Jutta Urpilainen, European Commissioner for International Partnerships, took a brutal beating in the Finnish presidential elections first round.
The Social Democratic Party member, a former Finnish deputy prime minister and finance minister, received just 4.4 per cent of the votes on January 28.
Another former prime minister, Alexander Stubb of the centre-right National Coalition party, and Liberal Green MP Pekka Haavisto, also a former foreign minister, will now go to the second round to determine Finland’s next president.
Stubb and Haavisto were the favourites. Stubb received 27.2 per cent of the vote to Haavisto’s 25.8 per cent.
As no one garnered more than half of the votes, the pair will compete in a run-off on February 11. Stubb has the best prospects of victory, according to observers.
International affairs and diplomacy were high on the agenda in Finland, which joined NATO in May 2022 and is adjusting its stance in the world after Russia invaded Ukraine.
The Nordic nation now is a front-line country, sharing a 1,340-kilometre border with Russia.
In addition to being in charge of military operations and having considerable influence over foreign policy, the Finnish president is meant to serve as a symbol of “social cohesion”.
That may have undermined Urpilainen’s chances, as she has only been campaigning while on EC unpaid electoral leave since December.

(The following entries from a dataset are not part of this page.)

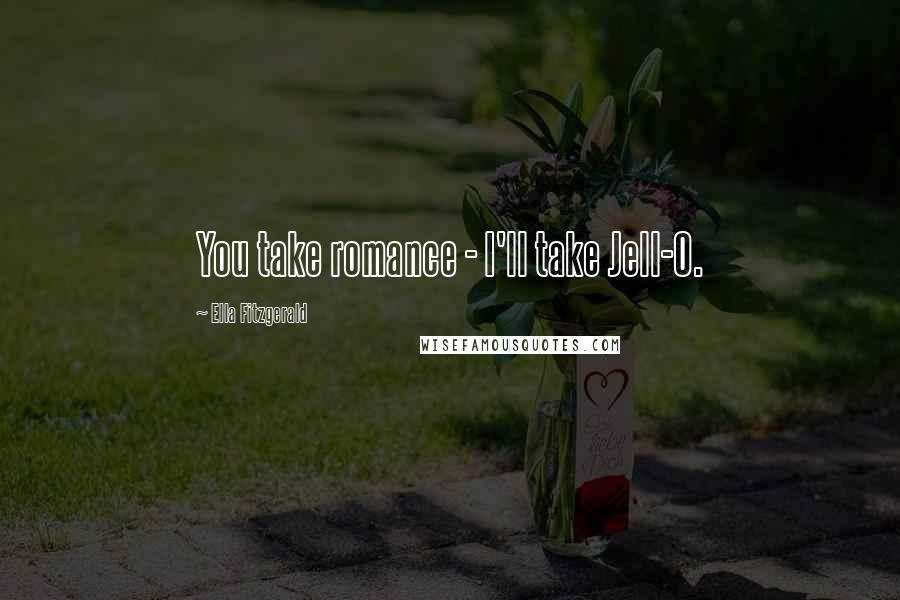 Ella Fitzgerald Quotes: You take romance - I'll take Jell-O.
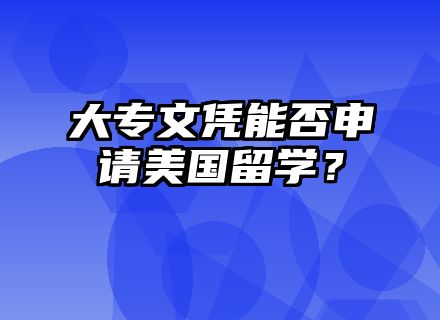 大专文凭能否申请美国留学？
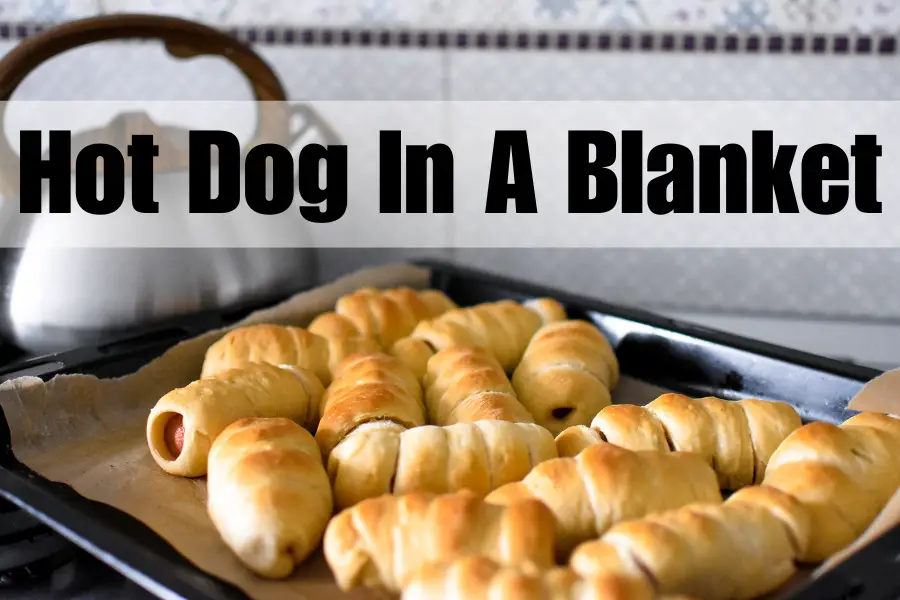 hot dog in a blanket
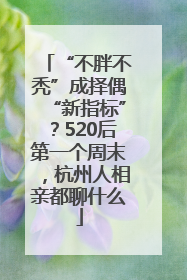 “不胖不秃”成择偶“新指标”？520后第一个周末，杭州人相亲都聊什么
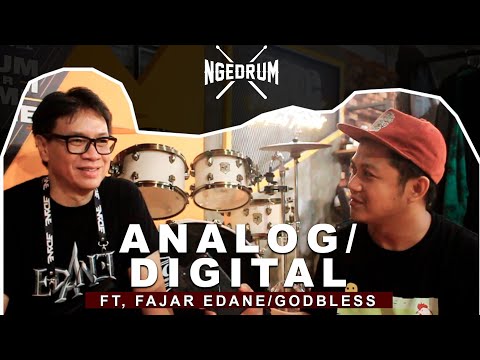 REKAMAN ANALOG / DIGITAL ? DRUMTERVIEW EPS 20 W/ FAJAR SATRIATAMA GODBLESS/EDANE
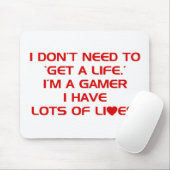 Ich habe Lose Leben - Gamer-Spiel-Videospiele Mousepad (Mit Mouse)
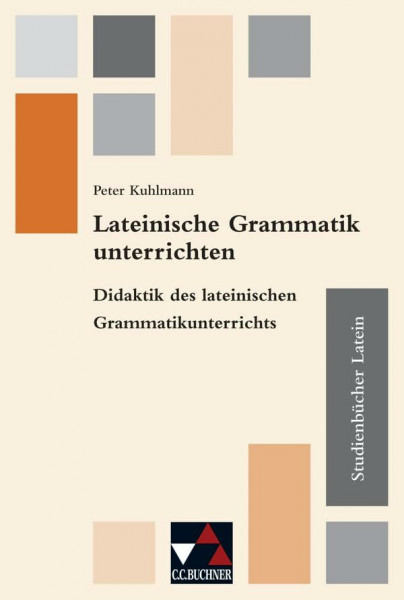 Studienbücher Latein / Lateinische Grammatik unterrichten: Praxis des altsprachlichen Unterrichts / Didaktik des lateinischen Grammatikunterrichts ... Praxis des altsprachlichen Unterrichts)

It was worth the effort. 😊 Happy to resume my role as a Commissioner, the work continues. See you in Brussels! 🇪🇺 https://t.co/TEjXMM50DP
— Jutta Urpilainen (@JuttaUrpilainen) January 29, 2024
She entered the election under the slogan “So that no one is left behind” – but the EC bigwig has been, at least in her home country.
Urpilainen’s emphasis on classic Social Democratic ideals and her vision of a “stronger, more united Europe”, with an emphasis on the importance of “values” in her approach to foreign policy, evidently did not convince Finns.
The new Finnish president will replace the centre-right Sauli Niinistö, who had been head of state for the past 12 years.
Other candidates in the race who came in ahead of Urpilainen included Jussi Halla-aho of the conservative nationalist Finns party. With 19 per cent, he nailed his group’s best presidential election result in history.
Olli Rehn, a former Commissioner and now Governor of the Bank of Finland, ran as an independent and came in fourth with 15.32 per cent of the vote.
Left Alliance candidate Li Andersson received 4.9 per cent, just ahead of Urpilainen in sixth spot.
Voter turnout was around 75 per cent, according to official monitors.
Some observers said that the limitations placed on Urpilainen by being a Commissioner, which only allowed for a two-month leave of absence without pay, hindered her campaign.
It effectively meant her opponents were targeting the electorate directly well before her.
Urpilainen is one of several Commissioners trying their luck outside the bloc lately.
Former so-called “Green Pope” Frans Timmermans left for his home country in the Dutch national elections. Bulgarian Marija Gabriel left her job as a Commissioner to take up the role of foreign minister at home, with the prospect of running for prime minister.
Margrethe Vestager, Executive Vice President of the European Commission for A Europe Fit for the Digital Age, also took off and tried to become the head of the European Investment Bank. After having her wings clipped, she returned to the EC.
The Belgian Didier Reynders, the Commissioner for Justice, had indicated he may be up for a change but, given President of the European Council Charles Michel’s apparent dithering until a couple of days ago, he might have decided to stay put after all.